Do you mind explaining the path you are taking through Falcon for serving content. Are you using HTTP/1.1? What are you using for the upstream request?

[ioquatix]

I will implement back pressure within the queue too - I'll try to make it in the next release. Your implementation might not be optimal.

[julik]

We are using HTTP/1.1 from falcon to nginx, and HTTP/1.1 from nginx to CloudFront which is our fronting CDN. HTTP/2 is not in the picture for us at the moment. To clarify: nginx is "downstream" for falcon, CloudFront is "downstream" for nginx. Our "upstreams" (servers our Ruby app is making requests to) are S3 for the data we proxy through and a couple of small requests to our internal systems for metadata, also over HTTP/1.0. These do not egress our VPC and are tiny compared to the amount of data "put through" from S3 to downstream.

One thing which might benefit you, is the planned work for a C backend for falcon to optimise the request/response cycle on the server side.

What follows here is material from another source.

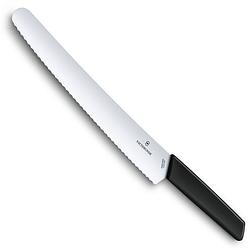 Foto van Victorinox swiss modern bakkersmes - 26cm - zwart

These are interesting propositions. I did look at the business support model for falcon but I don't think we are ready to commit to it at this stage. First we have a pretty variable workload and though we can predict how many proxy servers we are going to run by way of capacity planning, having what is effectively a support contract for that number of servers might be not very considerate at this stage. It might also happen that we are going to replan to use a different runtime and then can drastically reduce the number of servers since we are going to be able to saturate their NICs to the maximum. Second is we obviously need to see the requisite performance materialise.

So at the moment I think contributing to the ecosystem with explorations, tests and eventual patches might be a better option, but I might be mistaken ofc.

This will be an optional paid upgrade. Additionally, if you are interested, I have an open source library which is well proven for handling large numbers of request and large amounts of data. We can shape this into a custom web server for your exact requirements and I guarantee you will achieve within a few % of the theoretical throughput of the hardware/vm.

I am interested. There is a bit of a concern for me that probably building an entirely custom proprietary webserver might be a bad idea from the point of view of my colleagues since they also will have to support it and debug it should things go south. Let's chat ;-)

Your implementation might not be optimal.

Yes, please ❤️ The best I could find is opportunistically sleep the task for some time, I am certain it could be woken up sooner if the task is somehow coupled to the nio4r monitor.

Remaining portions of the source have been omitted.